“I don’t think you could compare a crooked publisher to Hitler,” Ruach said. “No, I wouldn’t want to turn him over a fire. I might want to starve him to death, or feed him just enough to keep him alive. But I wouldn’t do that. What good would it do? Would it make him, change his mind about anything, would he then believe that Jews were human beings? No, I would do nothing to him if he were in my power except kill him so he couldn’t hurt others.
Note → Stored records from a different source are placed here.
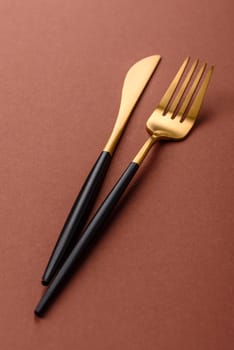 Knife and fork, cutlery on a brown dining table. Utensils and crockery for preparing dinner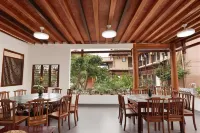 Puzhehei Riverside Inn - servizio colazione
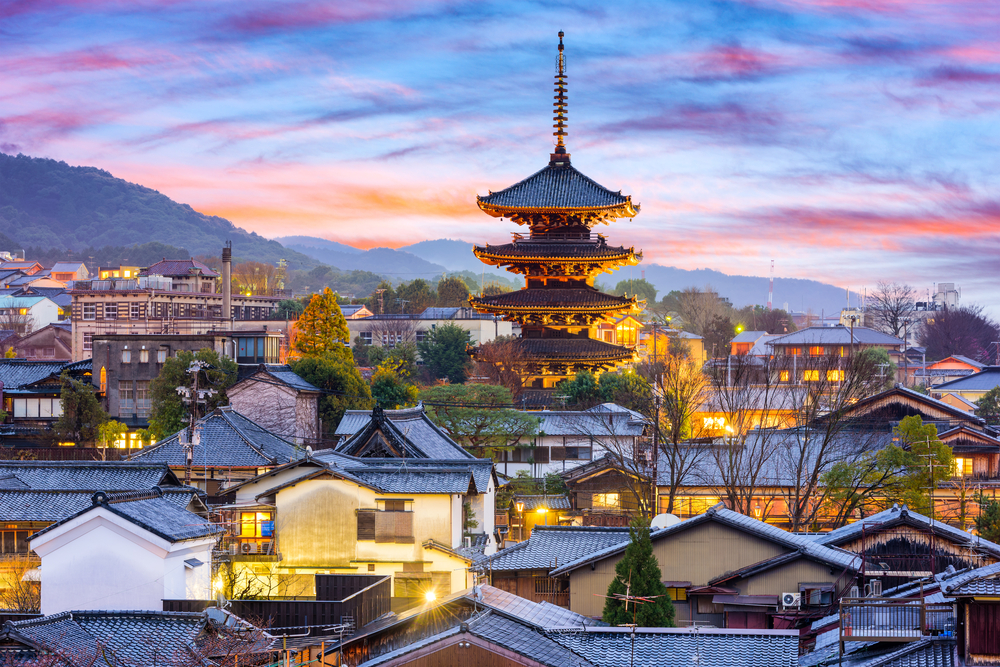 japanese buildings in a district with mountains in the background in the evening best things to do in kyoto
But I’m not so sure that killing him would mean he’d stay dead. Not here.”
“You’re a real Christian,” Frigate said, grinning.
“I thought you were my friend!” Ruach said.
12
This was the second time that Burton had heard the name Hitler. He intended to find out all about him, but at the moment everybody would have to put off talking to finish the roofs on the huts. They all pitched in, cutting off more grass with the little scissors they had found in their grails, or climbing the irontrees and tearing off the huge triangular green and scarlet-laced leaves. The roofs left much to be desired. Burton meant to search around for a professional thatcher and learn the proper techniques. The beds would have to be, for the time being, piles of grass on top of which were piles of the softer irontree leaves. The blankets would be another pile of the same leaves.
“Thank God, or Whoever, that there is no insect life,” Burton said.
He lifted the gray metal cup, which still held two ounces of the best scotch he had ever tasted.
“Here’s to Whoever. If he had raised us just to live on an exact duplicate of Earth, we’d be sharing our beds with ten thousand kinds of biting, scratching, stinging, scraping, tickling, bloodsucking vermin.” They drank, and then they sat around the fire for a while and smoked and talked. The shadow darkened, the sky lost its blue, and the gigantic stars and great sheets, which had been dimly seen ghosts just before dusk, blossomed out. The sky was indeed a blaze of glory.
“Like a Sime illustration,” Frigate said.
Burton did not know what a Sime was. Half of the conversation with the non-nineteenth centurians consisted of them explaining their references and he explaining his.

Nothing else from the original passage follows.